> _GOAL OF THE EXERCISE_: So that the copy stays text only, transcribe the data below exactly and exclude the images.

> _DATA SHOWN_:
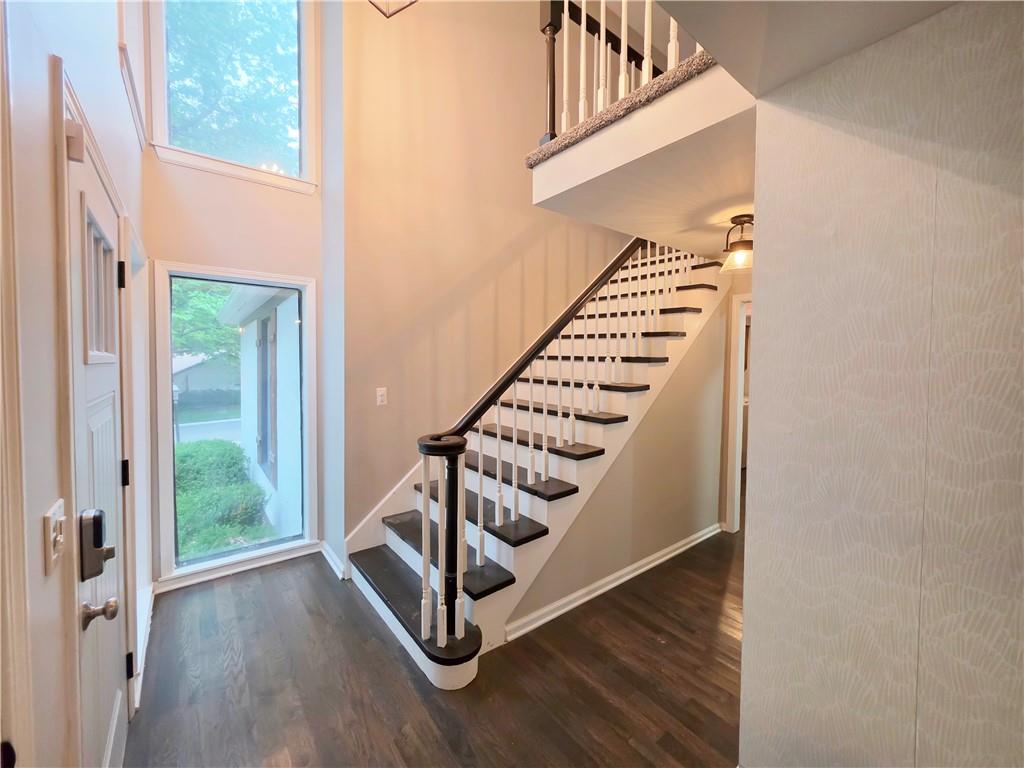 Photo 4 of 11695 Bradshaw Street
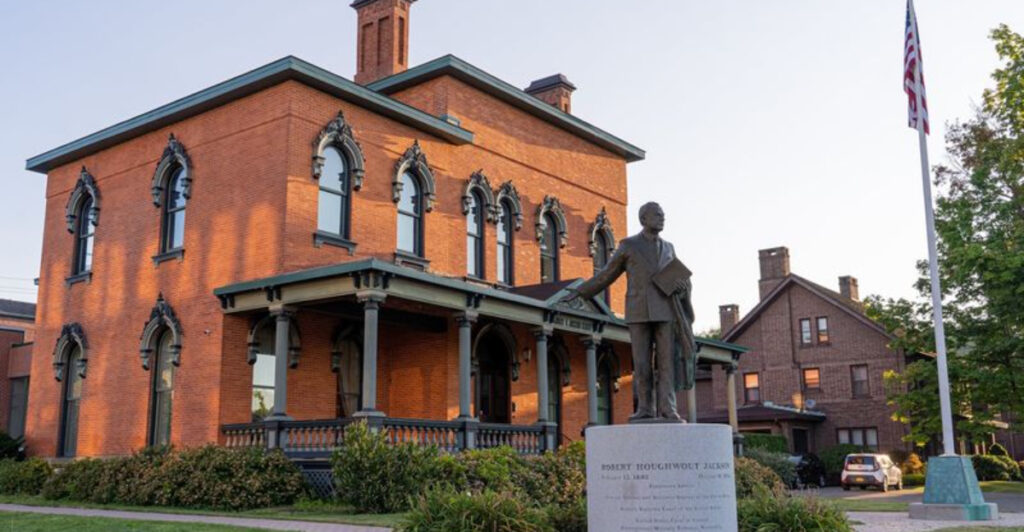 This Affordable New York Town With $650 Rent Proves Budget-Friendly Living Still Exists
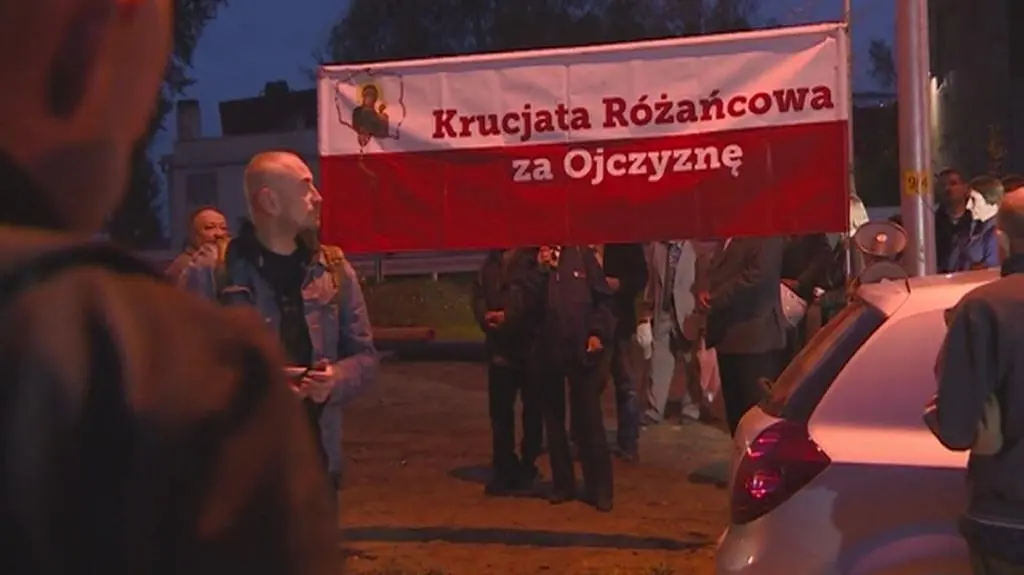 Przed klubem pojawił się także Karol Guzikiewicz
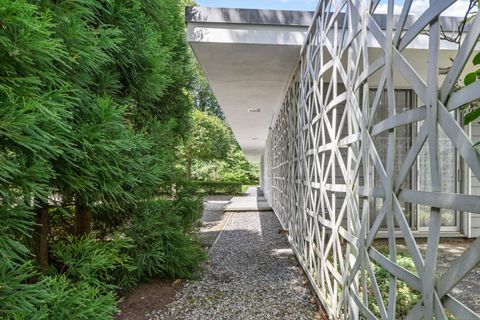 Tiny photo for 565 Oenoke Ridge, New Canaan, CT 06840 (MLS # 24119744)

> _SOLUTION TO THE PROBLEM_:
 Photo 4 of 11695 Bradshaw Street
 This Affordable New York Town With $650 Rent Proves Budget-Friendly Living Still Exists
 Przed klubem pojawił się także Karol Guzikiewicz
 Tiny photo for 565 Oenoke Ridge, New Canaan, CT 06840 (MLS # 24119744)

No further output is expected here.